• EXERCISE DIRECTIONS: Could you restate the entries below word for word and leave the images out?

• RECORDS SUPPLIED:

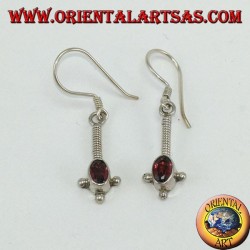 Pendientes de plata con granate ovalado facetado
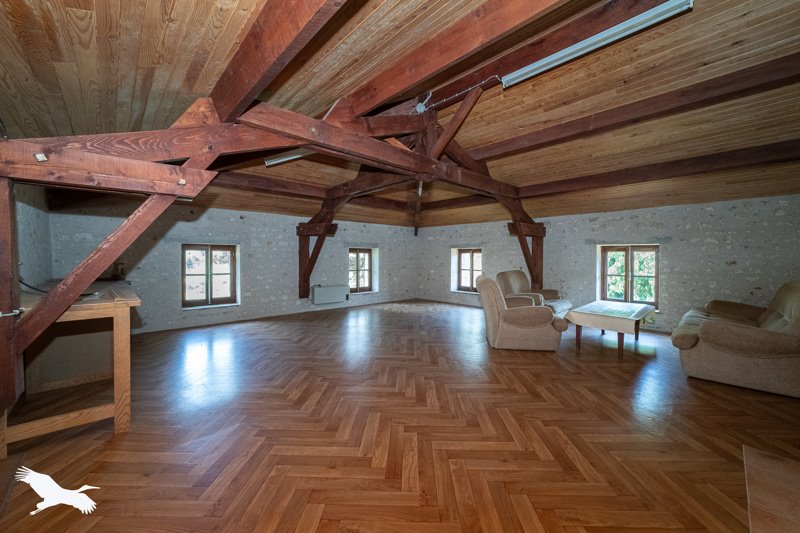 Vente Maison CHATENET - 7 pièces -280 m² - (17210)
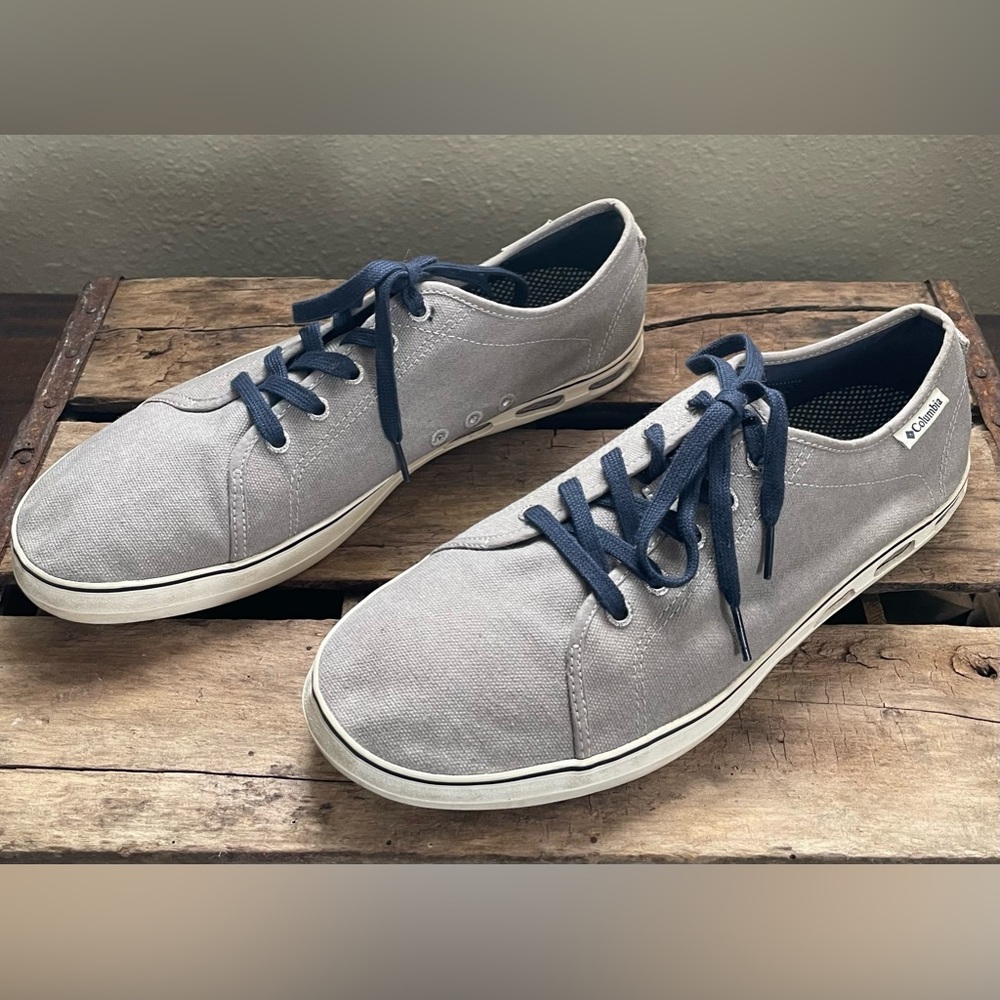 Columbia Men’s Lace Up Deck Shoes
Size 11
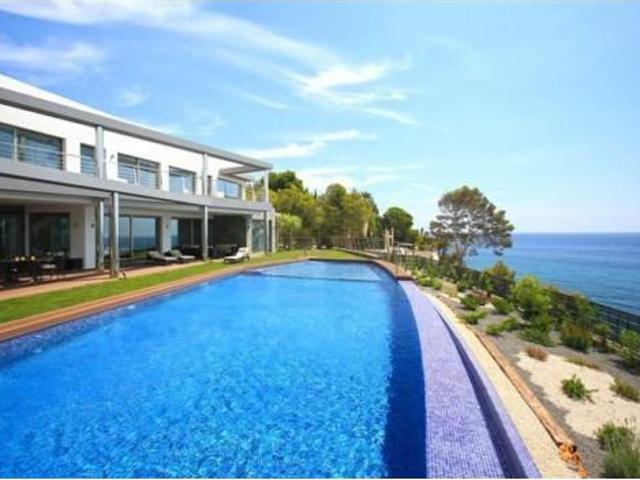 Chalet Venta Altea, Mascarat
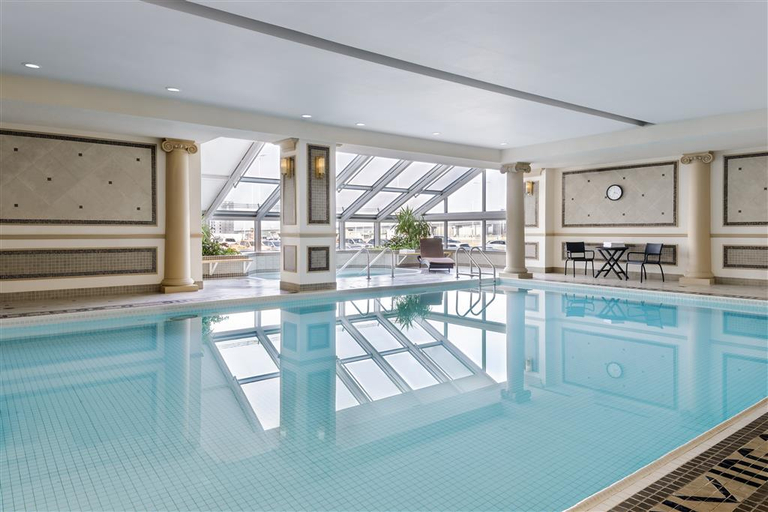 Sport & Beauty 2, Sheraton Gateway Hotel In Toronto International Airport, Peel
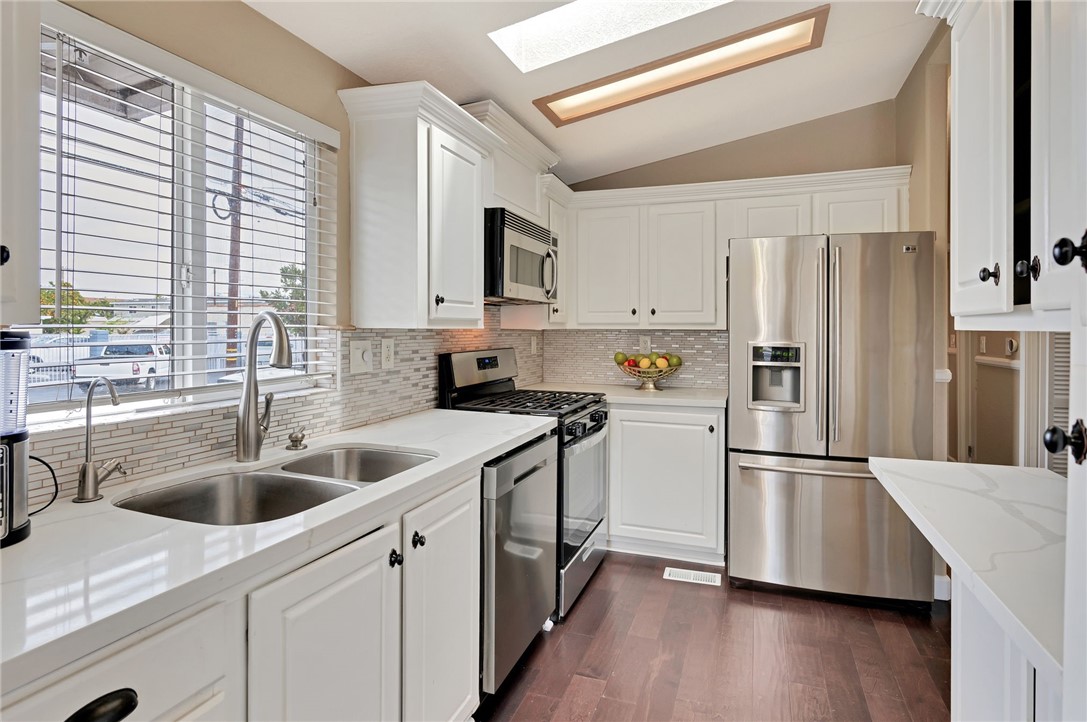 Detail Gallery Image 7 of 25 For 17820 Lakewood Bld #28,  Bellflower,  CA 90706 - 2 Beds | 2 Baths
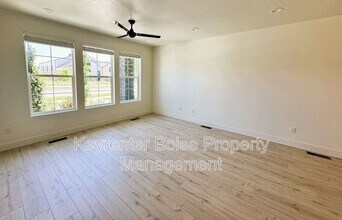 1337 N Webb Wy in Meridian, ID - Building Photo - Building Photo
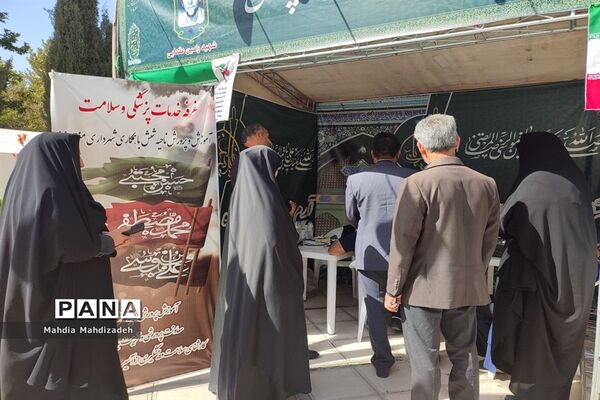بازدید رئیس آموزش و پرورش ناحیه ۶ از غرفه‌های خدمت‌رسانی به زائران حرم مطهر رضوی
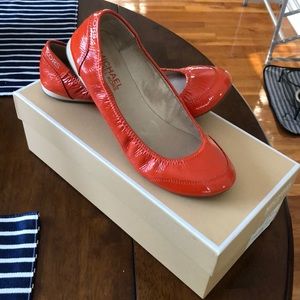 Michael Kors MK City Flat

• SOLUTION TO THIS EXERCISE:
 Pendientes de plata con granate ovalado facetado
 Vente Maison CHATENET - 7 pièces -280 m² - (17210)
 Columbia Men’s Lace Up Deck Shoes
Size 11
 Chalet Venta Altea, Mascarat
 Sport & Beauty 2, Sheraton Gateway Hotel In Toronto International Airport, Peel
 Detail Gallery Image 7 of 25 For 17820 Lakewood Bld #28,  Bellflower,  CA 90706 - 2 Beds | 2 Baths
 1337 N Webb Wy in Meridian, ID - Building Photo - Building Photo
بازدید رئیس آموزش و پرورش ناحیه ۶ از غرفه‌های خدمت‌رسانی به زائران حرم مطهر رضوی
 Michael Kors MK City Flat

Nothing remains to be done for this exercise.